An ISOPHOT Image Of The Pre-Stellar Core L1689B


Credit: ESA/ISO, PHT, D. Ward-Thompson et al.
Taken from the ISO Science Results Gallery

The Following text was taken from the ESA/ISO Info Note 24.97:

The first infrared image ever obtained of a pre-stellar core shows the egg-like object from which a new star will form. It illustrates ISO's role in tracing the earliest stages of star formation. Pre-stellar cores are very cold and hidden by dust from all telescopes except those working with very short radio waves and long infrared waves. Within a core, gravity squeezes gas and dust towards the centre to make an embryonic star, but by the time other instruments can see anything, the star-making processes are far advanced. The object L1689B is judged to be on the very brink of collapsing under gravity, to begin to form a star.
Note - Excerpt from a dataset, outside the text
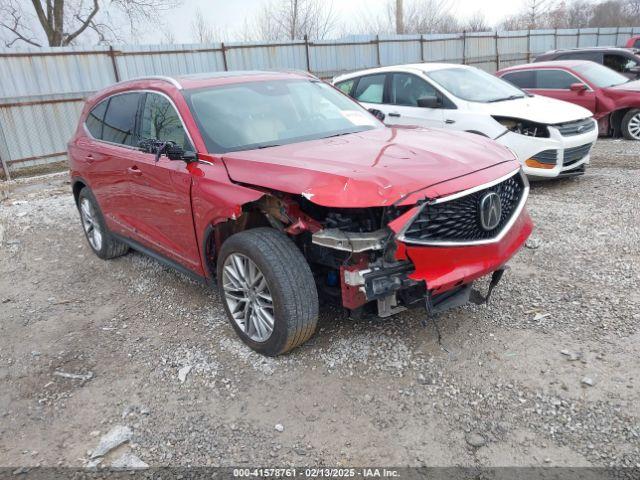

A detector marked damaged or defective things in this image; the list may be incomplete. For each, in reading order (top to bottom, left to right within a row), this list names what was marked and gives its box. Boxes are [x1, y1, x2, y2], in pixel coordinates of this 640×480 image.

crumpled hood [468, 93, 592, 124]
broken headlight housing [496, 116, 552, 138]
crumpled hood [222, 126, 516, 207]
Derek Ward-Thompson of the Royal Observatory Edinburgh (UK) with British and French colleagues detected L1689B and other objects by sub-millimetre radio observations, as small, dense features within a much larger cloud of gas and dust located in the constellation Ophiuchus. Scans by ISO's photometer ISOPHOT, at various wavelengths up to its limit of 200 microns, now give different impressions of L1689B and enable the astronomers to measure the temperature of the pre-stellar core at about minus 260 degrees C (13 K). The image is colour-coded for intensity, with the bright core in yellow-white.